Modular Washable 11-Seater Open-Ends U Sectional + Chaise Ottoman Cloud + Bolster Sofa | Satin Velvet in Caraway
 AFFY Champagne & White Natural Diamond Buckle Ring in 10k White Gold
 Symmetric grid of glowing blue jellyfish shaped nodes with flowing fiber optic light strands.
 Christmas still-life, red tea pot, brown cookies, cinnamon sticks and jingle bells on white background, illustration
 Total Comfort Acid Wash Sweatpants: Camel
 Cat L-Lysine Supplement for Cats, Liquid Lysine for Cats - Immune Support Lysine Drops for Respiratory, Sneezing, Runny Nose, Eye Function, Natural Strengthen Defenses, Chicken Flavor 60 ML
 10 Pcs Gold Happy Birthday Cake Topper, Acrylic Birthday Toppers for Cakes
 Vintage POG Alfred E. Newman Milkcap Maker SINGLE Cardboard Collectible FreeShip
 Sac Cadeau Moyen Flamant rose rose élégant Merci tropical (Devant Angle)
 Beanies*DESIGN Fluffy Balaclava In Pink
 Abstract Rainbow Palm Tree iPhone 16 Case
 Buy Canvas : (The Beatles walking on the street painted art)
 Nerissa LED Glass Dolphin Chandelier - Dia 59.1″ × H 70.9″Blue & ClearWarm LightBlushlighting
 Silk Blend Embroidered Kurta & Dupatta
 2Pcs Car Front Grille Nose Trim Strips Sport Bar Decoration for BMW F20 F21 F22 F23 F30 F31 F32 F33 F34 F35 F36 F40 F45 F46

Task to carry out: What you return must be the lines above that run from the line with "Sac Cadeau Moyen" to the line with "Buy Canvas : (The", inclusive, each copied exactly.

Answer below:
 Sac Cadeau Moyen Flamant rose rose élégant Merci tropical (Devant Angle)
 Beanies*DESIGN Fluffy Balaclava In Pink
 Abstract Rainbow Palm Tree iPhone 16 Case
 Buy Canvas : (The Beatles walking on the street painted art)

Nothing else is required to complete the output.